Dataset entries:
════════════════

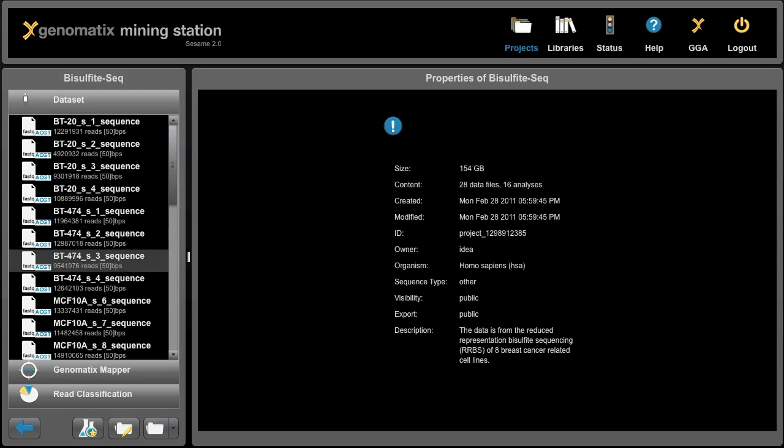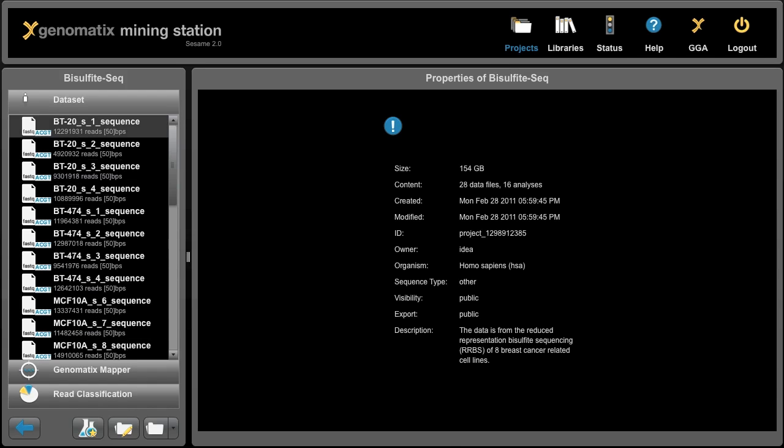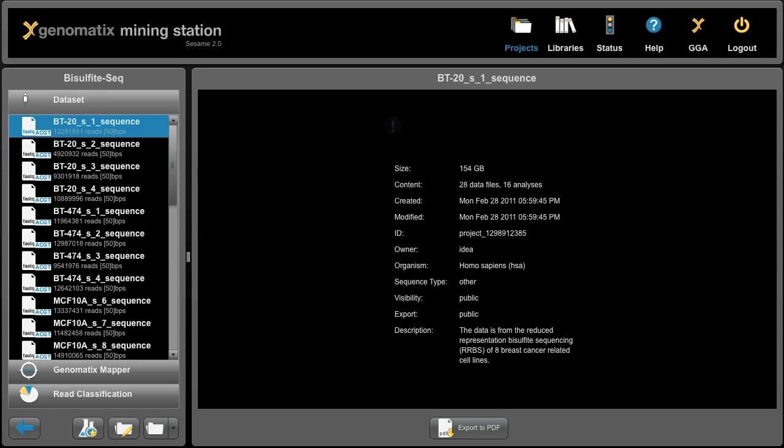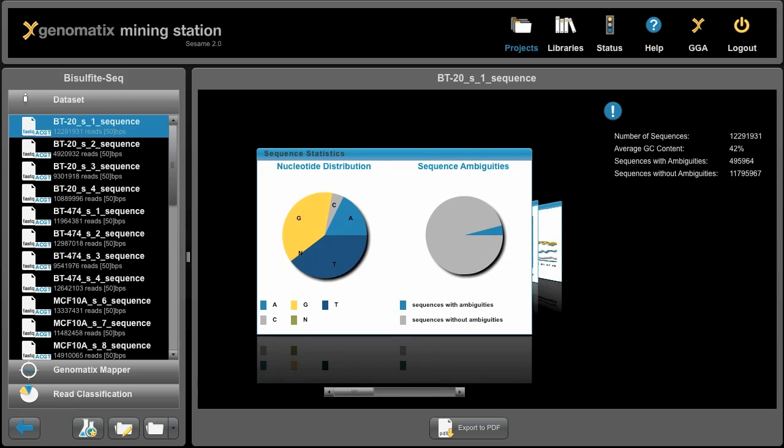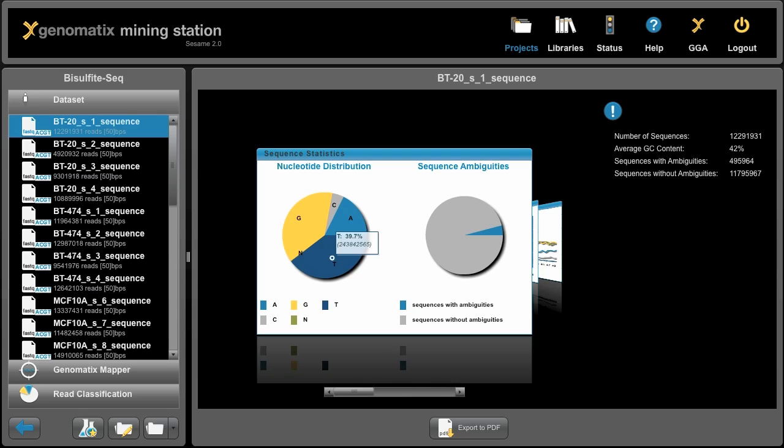Up here you can see the imported read files, and if we click on any of them, we get statistics about the reads. Here we can see that it's a FASTQ file, it's in base code, and we see here that we have a lot of Gs and a lot of Ts, and a small number of Cs. And that's because Cs only remain in the reads if they are methylated.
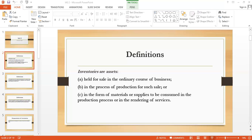Some disclosures are required for inventory. The financial statements shall disclose: the accounting policies adopted in measuring inventories, including the cost formulas used; the carrying amount of inventories carried at fair value less cost to sell (i.e., NRV); the amount of inventories recognized as an expense during the period; the amount of any write-down of inventories recognized as an expense; and similarly, the amount of any reversal of write-downs.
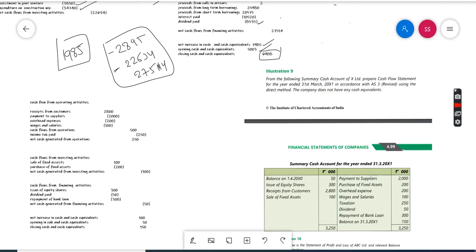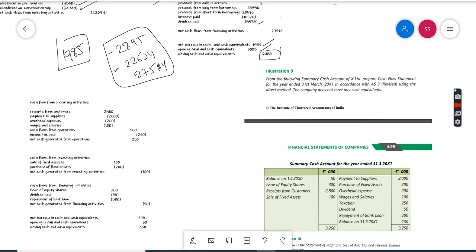Here we have Illustration 9. In the question they asked us to use the direct method. From the following summary cash account of X Limited, prepare the cash flow statement for the year ending 31st March 2011 in accordance with Accounting Standard 3 using the direct method. The company does not have any cash equivalents.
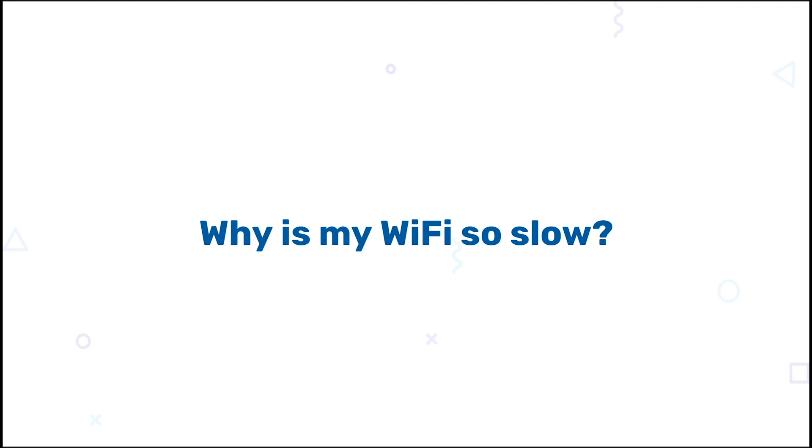One of the most common questions in the world of Wi-Fi is, why is my Wi-Fi so slow? This video series is for anyone who runs a Wi-Fi network, whether at home or in the office, to really help troubleshoot this question to its fullest extent.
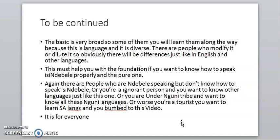If you don't understand something, ask in the comments or follow me on social media — I'll leave my Instagram, Facebook, and Twitter so you can contact me. To be continued. The basics are very important and very broad, so some of them you'll learn along the way. This language is diverse, just like English. There are many people who modify or dilute it, so there will be differences. This foundation should help you speak isiNdebele properly and purely.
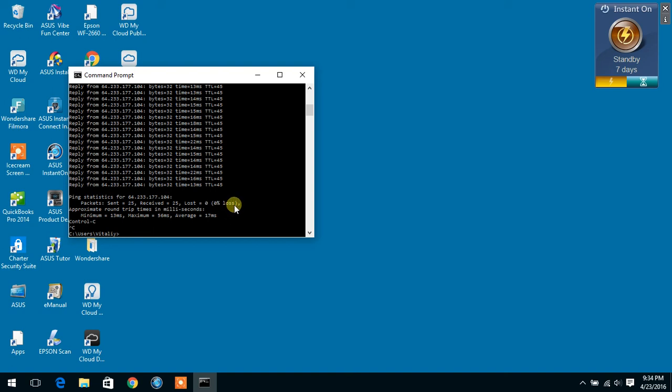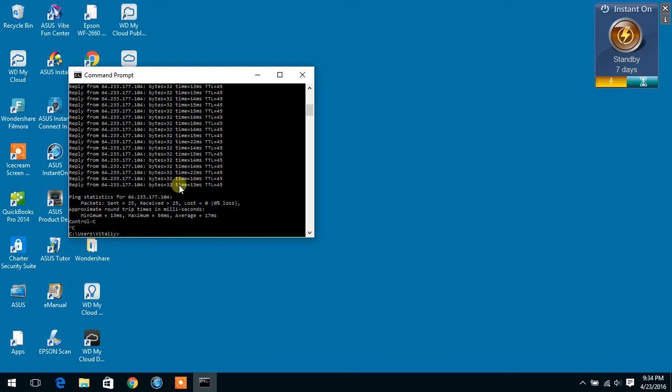But if you have any packet loss on your computer, there is something going on with your connection and you will have problems. So this is the way you run your ping test to see if you have any packet loss or not.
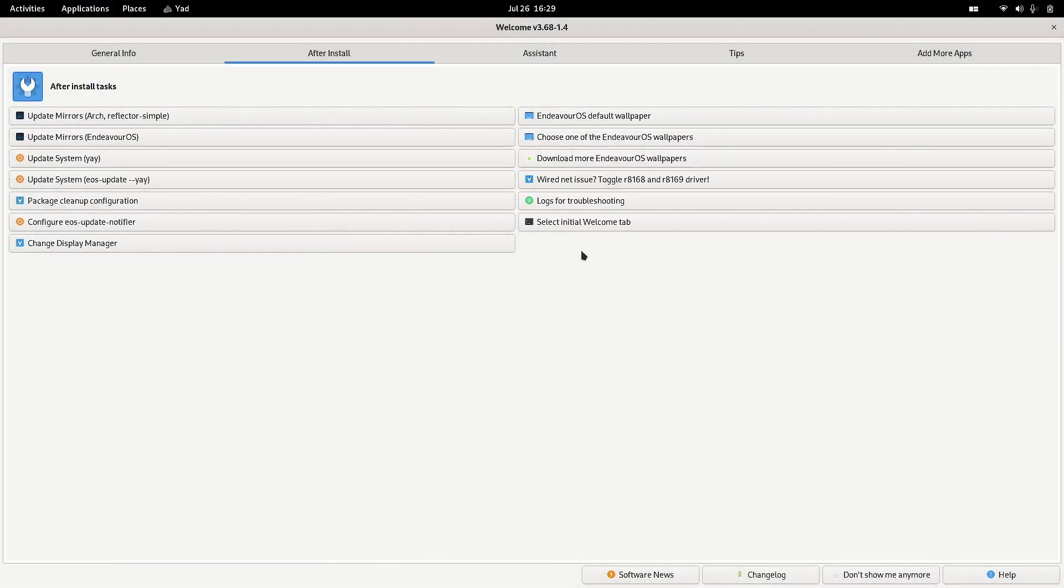Welcome back viewers. In today's video, we are going to check out some new functionality of the EndeavourOS. Open up the welcome app, and here you can change the initial welcome tab so you can select the tab.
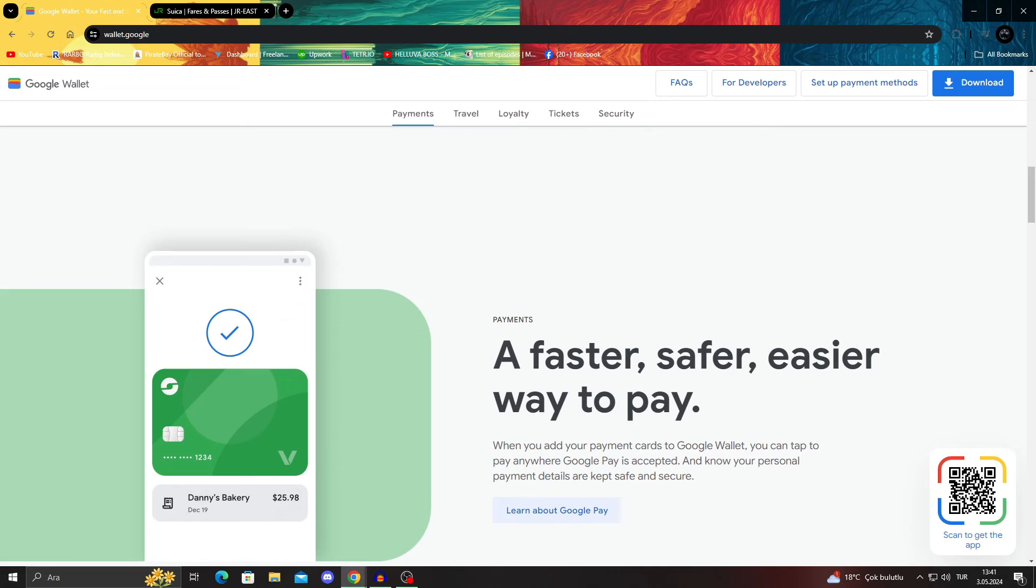All you have to do is get the Japan version of the Google Wallet app.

════════════════

Task = Copy the lines above exactly. Do not include pictures.

Output of the exercise =
Up here you can see the imported read files, and if we click on any of them, we get statistics about the reads. Here we can see that it's a FASTQ file, it's in base code, and we see here that we have a lot of Gs and a lot of Ts, and a small number of Cs. And that's because Cs only remain in the reads if they are methylated.
Some disclosures are required for inventory. The financial statements shall disclose: the accounting policies adopted in measuring inventories, including the cost formulas used; the carrying amount of inventories carried at fair value less cost to sell (i.e., NRV); the amount of inventories recognized as an expense during the period; the amount of any write-down of inventories recognized as an expense; and similarly, the amount of any reversal of write-downs.
Here we have Illustration 9. In the question they asked us to use the direct method. From the following summary cash account of X Limited, prepare the cash flow statement for the year ending 31st March 2011 in accordance with Accounting Standard 3 using the direct method. The company does not have any cash equivalents.
One of the most common questions in the world of Wi-Fi is, why is my Wi-Fi so slow? This video series is for anyone who runs a Wi-Fi network, whether at home or in the office, to really help troubleshoot this question to its fullest extent.
If you don't understand something, ask in the comments or follow me on social media — I'll leave my Instagram, Facebook, and Twitter so you can contact me. To be continued. The basics are very important and very broad, so some of them you'll learn along the way. This language is diverse, just like English. There are many people who modify or dilute it, so there will be differences. This foundation should help you speak isiNdebele properly and purely.
But if you have any packet loss on your computer, there is something going on with your connection and you will have problems. So this is the way you run your ping test to see if you have any packet loss or not.
Welcome back viewers. In today's video, we are going to check out some new functionality of the EndeavourOS. Open up the welcome app, and here you can change the initial welcome tab so you can select the tab.
All you have to do is get the Japan version of the Google Wallet app.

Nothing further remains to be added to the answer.